The main reason for the second objection—that intermediate representations obviously could not exist—is that simply combining signals from each layer to make more complex representations would require far too many computational units (e.g., neurons). For instance, if we were to combine in a pairwise fashion the outputs of all V1 neurons in area V2, then V2 would need to contain the square of the number of neurons in V1, which it clearly does not. Similarly, the next stage would need some factorial combination of the cells in V2, and we quickly find a combinatorial explosion of entities that need to be encoded. This is clearly a problem that needs to be considered and addressed, but maybe not a reason to discard the entire endeavor. The circuits leading up to the primary visual cortex certainly are taking essentially this approach. The representation of spatiotemporal contrast found in ganglion and lateral geniculate nucleus (LGN) cells is constructed by a center-surround organization of excitatory and inhibitory inputs from photoreceptors via a complex intermediate circuit involving horizontal, bipolar, and amacrine cells (Dowling & Boycott,
1966).
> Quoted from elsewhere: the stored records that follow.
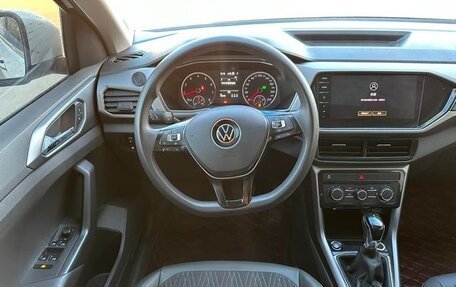 Volkswagen T-Cross I, 2022 год, 1 420 000 рублей, 9 фотография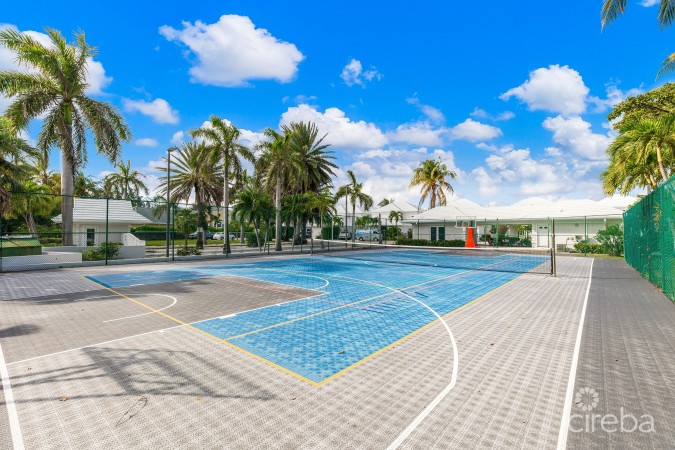 CONCH POINTE BEACH RESORT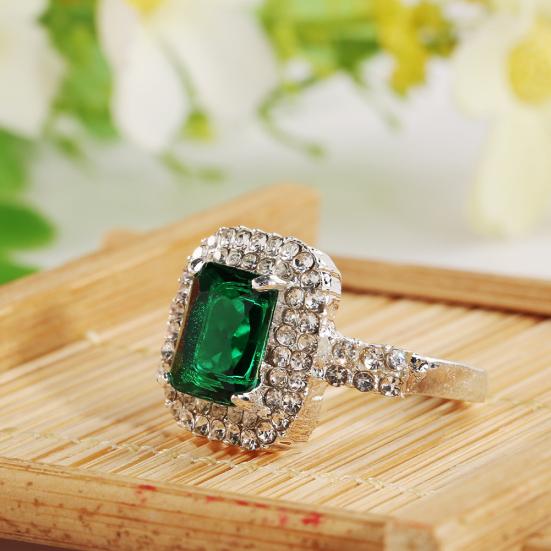 Women's Green Zircon Silver Plated Ring Fashion Wedding Bague Jewelry Gift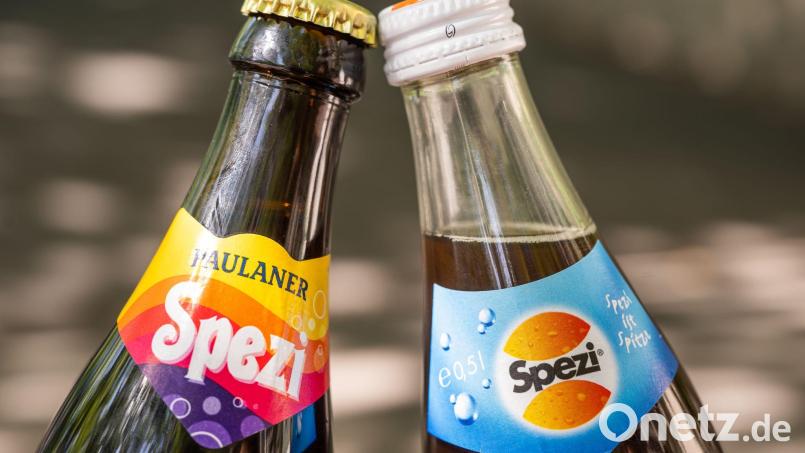 Spezi von Paulaner und Riegele. Eine Einigung der Brauereien ebnet Paulaner den Weg ins Ausland. (Illustration) Bild: Peter Kneffel/dpa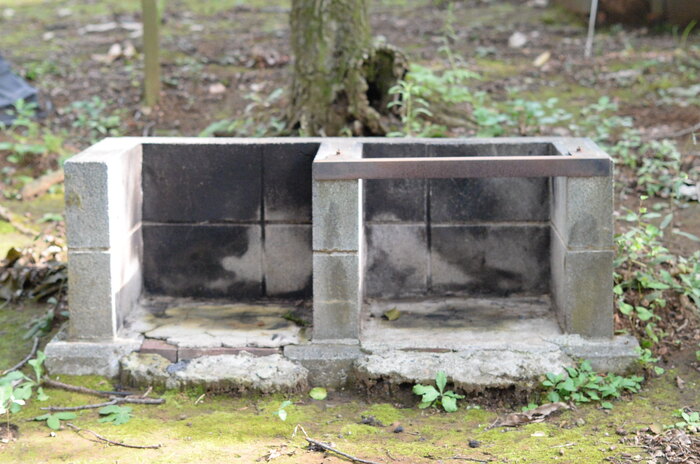 テントサイトにあるかまどの写真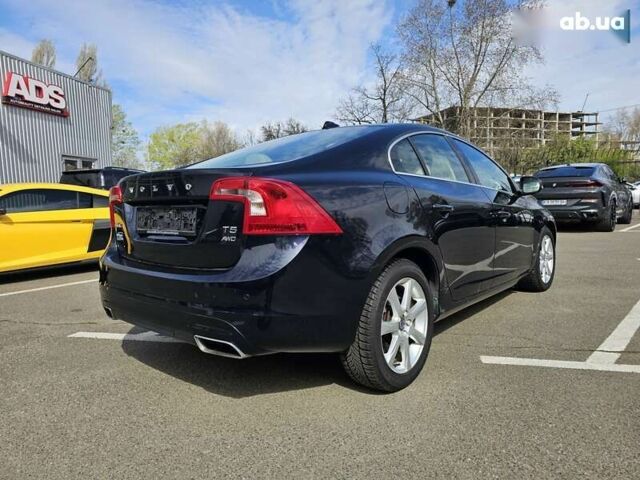 Вольво С60, объемом двигателя 2.5 л и пробегом 81 тыс. км за 13600 $, фото 2 на Automoto.ua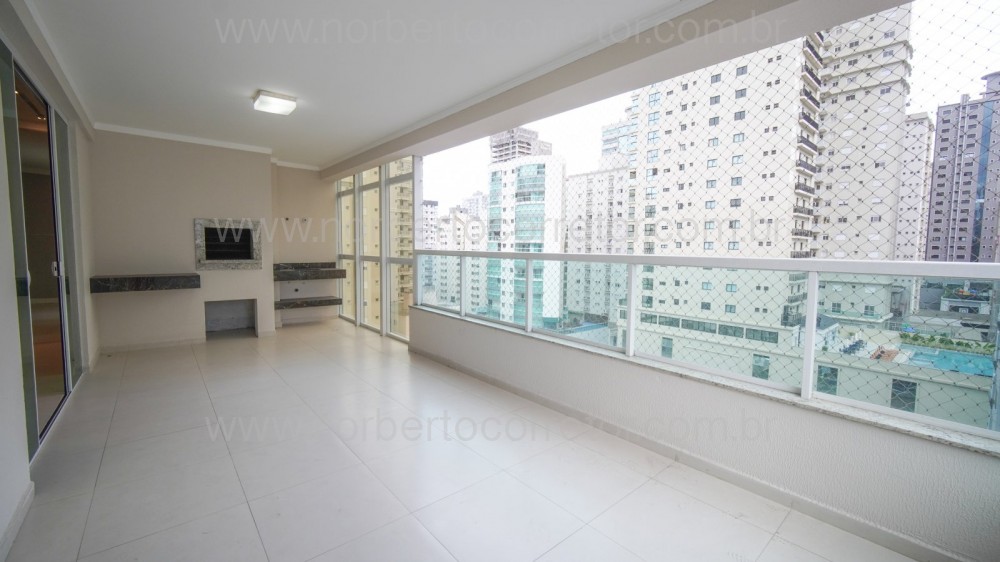 APARTAMENTO A VENDA EM MEIA PRAIA  04 SUTES 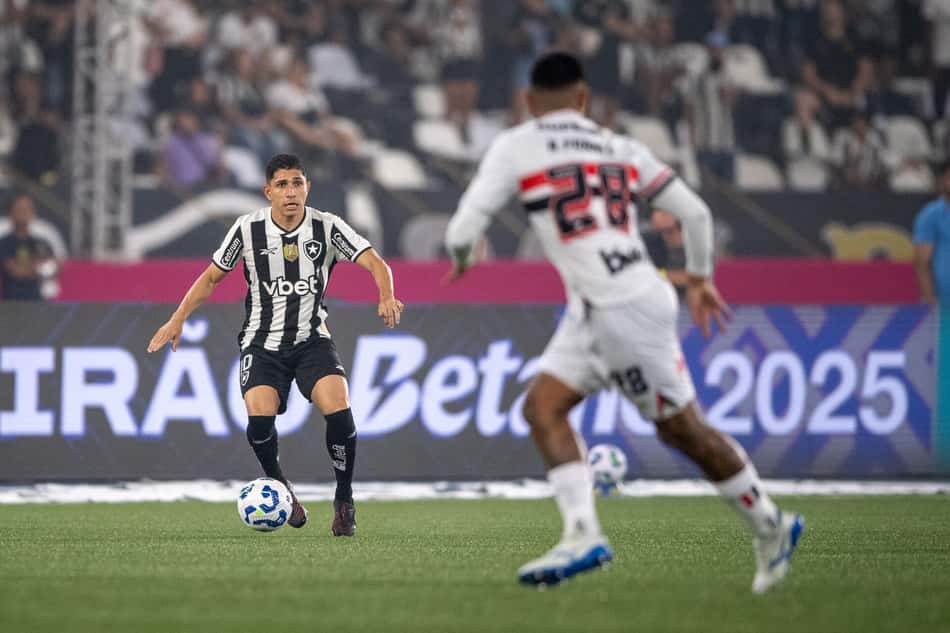 Savarino, do Botafogo, em ação durante partida contra o São Paul no Nilton Santos pelo Brasileirão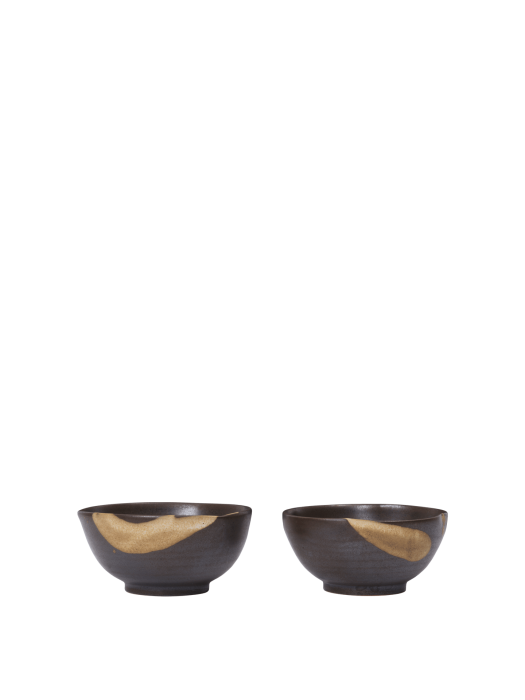 FERM LIVING miseczki KOYO Ø8,5 – zestaw 2 sztuk – dark brown/buff.png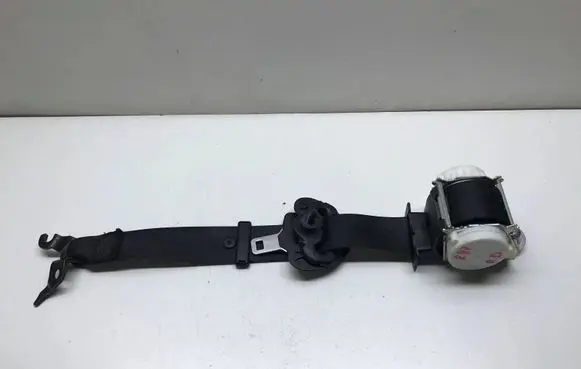 BMW 1 E81 E87 Front seatbelt 33059849C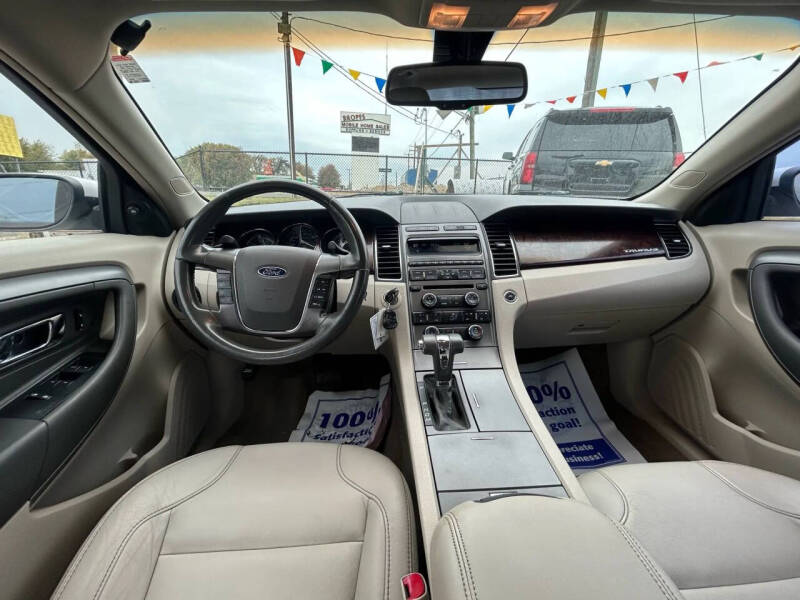 2011 Ford Taurus SEL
Similarly, by combining the outputs of these units we could create oriented receptive fields with inhibitory and excitatory regions, as found in V1 simple cells (Hubel & Wiesel,
1962). People do not seem to have raised the combinatorial explosion issue for these steps; there is not a claim that there are too many possible combinations for V1 to represent combined LGN outputs. Possibly, that is because V1 has more neurons than the LGN, but note that V1 contains approximately 140 million neurons (Wandell,
1995) compared with the approximately 1.5 million retinal ganglion cells (Hecht,
2001), an increase that is insufficient to handle the sort of exponential increase implied by the combinatorial explosion. Furthermore, the step from photoreceptor to ganglion cell constitutes a reduction of processing units from approximately 4.6 million (Curcio, Sloan, Kalina, & Hendrickson,
1990) to approximately 1.5 million retinal ganglion cells (Hecht,
2001). It seems curious, then, that we are willing to accept that LGN outputs are combined by V1 to make a new, more complex representation but unwilling to accept that some similar process occurs beyond that. Indeed, given that neurons work by combining, with a mixture of excitation and inhibition, the outputs of the preceding layer (and potentially feedback from higher layers), it seems that some form of combination of outputs must occur. The problem, then, is “simply” to understand what form of combination that takes: what the representation looks like, how many units' signals are combined in any one step, and how the combinatorial explosion is averted.